Hollis Frampton's filmmaking is among the most singular of the American avant-garde. This is not surprising, considering that Frampton was something of' a polymath and his varied interests (which included mathematics, physics, art history and theory, photography, linguistics, Greek, Latin, and the poetry of Ezra Pound) all found their way into his films. Often cited as a "structuralist" filmmaker, he was in fact less concerned with the materialist qualities and medium specificity of film, and more with the structures and systems cinema allowed him to explore. But, as this valuable new collection of twenty-four of his films illustrates, there was also considerable diversity and complexity in his filmmaking practice.

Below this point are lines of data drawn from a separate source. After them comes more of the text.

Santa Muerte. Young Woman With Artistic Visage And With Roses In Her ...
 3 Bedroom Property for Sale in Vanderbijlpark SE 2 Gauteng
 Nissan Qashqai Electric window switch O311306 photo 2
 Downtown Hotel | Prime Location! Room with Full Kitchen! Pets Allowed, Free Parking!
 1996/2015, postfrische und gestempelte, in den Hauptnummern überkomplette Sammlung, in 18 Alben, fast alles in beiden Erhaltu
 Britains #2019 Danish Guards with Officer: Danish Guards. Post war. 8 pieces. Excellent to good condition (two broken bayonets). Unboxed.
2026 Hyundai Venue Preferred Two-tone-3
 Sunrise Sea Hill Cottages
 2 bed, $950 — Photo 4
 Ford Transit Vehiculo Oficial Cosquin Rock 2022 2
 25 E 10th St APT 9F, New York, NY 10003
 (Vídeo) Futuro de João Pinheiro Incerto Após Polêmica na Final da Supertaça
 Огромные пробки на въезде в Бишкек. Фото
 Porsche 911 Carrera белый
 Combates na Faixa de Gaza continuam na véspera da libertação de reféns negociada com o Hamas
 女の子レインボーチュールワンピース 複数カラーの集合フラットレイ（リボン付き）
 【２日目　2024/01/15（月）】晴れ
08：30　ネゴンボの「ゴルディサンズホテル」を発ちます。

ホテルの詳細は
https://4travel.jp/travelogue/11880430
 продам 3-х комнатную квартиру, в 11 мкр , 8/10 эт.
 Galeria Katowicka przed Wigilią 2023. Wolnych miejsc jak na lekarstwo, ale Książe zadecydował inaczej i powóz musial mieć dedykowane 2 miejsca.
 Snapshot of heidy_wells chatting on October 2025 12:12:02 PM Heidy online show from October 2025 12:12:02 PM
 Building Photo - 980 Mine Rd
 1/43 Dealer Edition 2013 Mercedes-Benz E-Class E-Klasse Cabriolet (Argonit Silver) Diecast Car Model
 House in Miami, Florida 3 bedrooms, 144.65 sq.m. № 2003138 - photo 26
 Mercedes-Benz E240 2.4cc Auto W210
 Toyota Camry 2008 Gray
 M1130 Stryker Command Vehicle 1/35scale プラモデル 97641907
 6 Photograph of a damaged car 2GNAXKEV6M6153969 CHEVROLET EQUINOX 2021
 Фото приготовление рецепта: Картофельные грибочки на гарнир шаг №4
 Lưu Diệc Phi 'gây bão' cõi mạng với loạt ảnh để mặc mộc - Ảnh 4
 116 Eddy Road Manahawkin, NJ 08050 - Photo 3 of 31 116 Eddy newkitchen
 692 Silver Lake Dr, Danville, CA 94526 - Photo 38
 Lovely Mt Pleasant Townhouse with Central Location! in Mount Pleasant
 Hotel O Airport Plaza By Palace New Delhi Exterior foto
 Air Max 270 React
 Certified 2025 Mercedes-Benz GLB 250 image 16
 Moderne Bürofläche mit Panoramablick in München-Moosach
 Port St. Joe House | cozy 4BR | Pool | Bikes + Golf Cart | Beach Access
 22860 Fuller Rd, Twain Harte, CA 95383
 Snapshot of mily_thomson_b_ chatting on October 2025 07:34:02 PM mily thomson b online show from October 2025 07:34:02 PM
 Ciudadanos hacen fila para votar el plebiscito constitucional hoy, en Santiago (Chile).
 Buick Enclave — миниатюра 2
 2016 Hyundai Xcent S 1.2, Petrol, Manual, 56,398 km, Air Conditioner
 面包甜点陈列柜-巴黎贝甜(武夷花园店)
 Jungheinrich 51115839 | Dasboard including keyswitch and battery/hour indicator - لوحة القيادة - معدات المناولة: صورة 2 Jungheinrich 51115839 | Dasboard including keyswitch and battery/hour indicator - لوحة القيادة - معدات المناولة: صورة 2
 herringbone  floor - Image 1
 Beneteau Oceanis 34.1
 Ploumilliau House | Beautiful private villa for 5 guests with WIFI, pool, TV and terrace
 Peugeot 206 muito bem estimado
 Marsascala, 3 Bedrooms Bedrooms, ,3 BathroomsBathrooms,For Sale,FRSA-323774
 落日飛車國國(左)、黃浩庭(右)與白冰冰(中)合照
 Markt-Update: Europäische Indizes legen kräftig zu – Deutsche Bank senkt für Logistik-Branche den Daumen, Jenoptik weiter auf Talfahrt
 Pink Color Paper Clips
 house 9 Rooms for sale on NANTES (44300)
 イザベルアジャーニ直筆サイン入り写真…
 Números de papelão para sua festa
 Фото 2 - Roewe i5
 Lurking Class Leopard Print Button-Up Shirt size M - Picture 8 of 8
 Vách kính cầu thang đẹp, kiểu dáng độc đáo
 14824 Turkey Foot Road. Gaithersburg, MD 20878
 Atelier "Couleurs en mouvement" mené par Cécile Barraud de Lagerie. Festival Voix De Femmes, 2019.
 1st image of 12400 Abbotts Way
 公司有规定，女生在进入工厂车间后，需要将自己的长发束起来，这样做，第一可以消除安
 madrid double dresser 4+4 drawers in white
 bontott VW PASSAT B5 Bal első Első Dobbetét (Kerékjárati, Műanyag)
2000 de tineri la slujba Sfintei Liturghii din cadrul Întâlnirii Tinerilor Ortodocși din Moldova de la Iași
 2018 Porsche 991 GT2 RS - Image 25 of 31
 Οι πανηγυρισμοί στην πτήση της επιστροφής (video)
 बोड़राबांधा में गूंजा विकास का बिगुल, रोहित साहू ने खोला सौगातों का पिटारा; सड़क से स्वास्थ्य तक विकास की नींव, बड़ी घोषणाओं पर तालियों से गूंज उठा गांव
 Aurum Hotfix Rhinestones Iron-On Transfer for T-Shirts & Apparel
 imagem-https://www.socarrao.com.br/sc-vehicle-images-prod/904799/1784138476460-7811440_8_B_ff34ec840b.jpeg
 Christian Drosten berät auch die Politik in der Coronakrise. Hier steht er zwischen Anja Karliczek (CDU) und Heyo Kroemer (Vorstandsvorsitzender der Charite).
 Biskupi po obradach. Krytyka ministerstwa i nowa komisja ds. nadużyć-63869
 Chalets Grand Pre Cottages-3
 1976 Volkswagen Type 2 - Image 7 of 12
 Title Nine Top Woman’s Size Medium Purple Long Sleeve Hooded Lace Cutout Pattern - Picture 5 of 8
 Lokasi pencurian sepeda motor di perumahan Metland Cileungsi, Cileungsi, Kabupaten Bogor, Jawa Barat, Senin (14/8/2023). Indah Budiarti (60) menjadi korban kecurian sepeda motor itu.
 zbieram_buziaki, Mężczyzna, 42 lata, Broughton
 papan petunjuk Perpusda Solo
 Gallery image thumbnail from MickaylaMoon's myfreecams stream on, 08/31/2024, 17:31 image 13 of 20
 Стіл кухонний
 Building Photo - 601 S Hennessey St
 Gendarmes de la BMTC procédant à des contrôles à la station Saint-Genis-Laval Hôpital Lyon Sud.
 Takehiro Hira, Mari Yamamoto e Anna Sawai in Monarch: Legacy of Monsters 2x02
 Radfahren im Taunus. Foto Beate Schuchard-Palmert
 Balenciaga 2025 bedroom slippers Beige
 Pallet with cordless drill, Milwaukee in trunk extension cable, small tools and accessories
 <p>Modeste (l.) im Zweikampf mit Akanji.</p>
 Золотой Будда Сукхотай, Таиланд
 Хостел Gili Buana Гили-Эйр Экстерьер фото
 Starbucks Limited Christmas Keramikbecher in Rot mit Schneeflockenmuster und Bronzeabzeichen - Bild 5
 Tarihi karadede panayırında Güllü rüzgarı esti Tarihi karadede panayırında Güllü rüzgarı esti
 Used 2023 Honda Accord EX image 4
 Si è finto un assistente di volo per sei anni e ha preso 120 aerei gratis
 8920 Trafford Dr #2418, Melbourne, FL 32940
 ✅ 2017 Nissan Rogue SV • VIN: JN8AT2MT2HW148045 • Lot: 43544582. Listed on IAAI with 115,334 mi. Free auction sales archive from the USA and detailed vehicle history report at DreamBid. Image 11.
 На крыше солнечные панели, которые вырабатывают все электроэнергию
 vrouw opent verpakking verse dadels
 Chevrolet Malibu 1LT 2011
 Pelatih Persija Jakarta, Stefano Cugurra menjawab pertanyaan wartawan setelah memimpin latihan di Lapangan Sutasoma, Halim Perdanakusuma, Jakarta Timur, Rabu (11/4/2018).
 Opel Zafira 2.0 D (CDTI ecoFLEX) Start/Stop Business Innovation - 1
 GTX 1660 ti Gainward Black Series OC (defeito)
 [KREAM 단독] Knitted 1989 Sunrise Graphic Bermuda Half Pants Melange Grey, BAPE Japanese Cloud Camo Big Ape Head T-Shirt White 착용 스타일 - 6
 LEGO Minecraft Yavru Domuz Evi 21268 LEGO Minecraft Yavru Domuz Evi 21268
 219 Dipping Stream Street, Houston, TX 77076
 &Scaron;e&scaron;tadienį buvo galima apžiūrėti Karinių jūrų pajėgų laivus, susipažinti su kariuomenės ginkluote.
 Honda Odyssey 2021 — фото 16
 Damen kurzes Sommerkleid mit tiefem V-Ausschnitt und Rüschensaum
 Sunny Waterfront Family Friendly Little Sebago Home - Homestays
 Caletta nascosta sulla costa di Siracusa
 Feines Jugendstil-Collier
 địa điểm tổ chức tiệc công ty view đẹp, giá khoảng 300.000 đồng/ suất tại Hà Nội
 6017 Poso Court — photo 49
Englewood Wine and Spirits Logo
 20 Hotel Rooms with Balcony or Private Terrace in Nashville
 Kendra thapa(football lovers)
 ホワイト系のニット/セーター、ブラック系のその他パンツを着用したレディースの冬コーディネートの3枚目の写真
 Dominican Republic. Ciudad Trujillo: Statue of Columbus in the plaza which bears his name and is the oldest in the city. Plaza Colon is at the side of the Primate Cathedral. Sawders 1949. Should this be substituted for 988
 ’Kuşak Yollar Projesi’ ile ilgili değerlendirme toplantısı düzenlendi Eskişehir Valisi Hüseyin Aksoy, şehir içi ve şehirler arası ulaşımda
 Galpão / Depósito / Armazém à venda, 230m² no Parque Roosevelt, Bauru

Frampton's first experimental film, Zorn.s. Lemma (1970), utilizes an alphabetical structure, as words found in the environment (on signs, advertising, etc.) are systematically replaced by images--all of which are contained within a set visual and temporal matrix. Possibly his best-known film, (nostalgia) (1971) presents a series of photographs slowly being burned on a hotplate. Narration accompanies each, but it is out of synch, describing the next photograph that will be seen, creating a game of memory for viewers as they try to recall what has already been seen. …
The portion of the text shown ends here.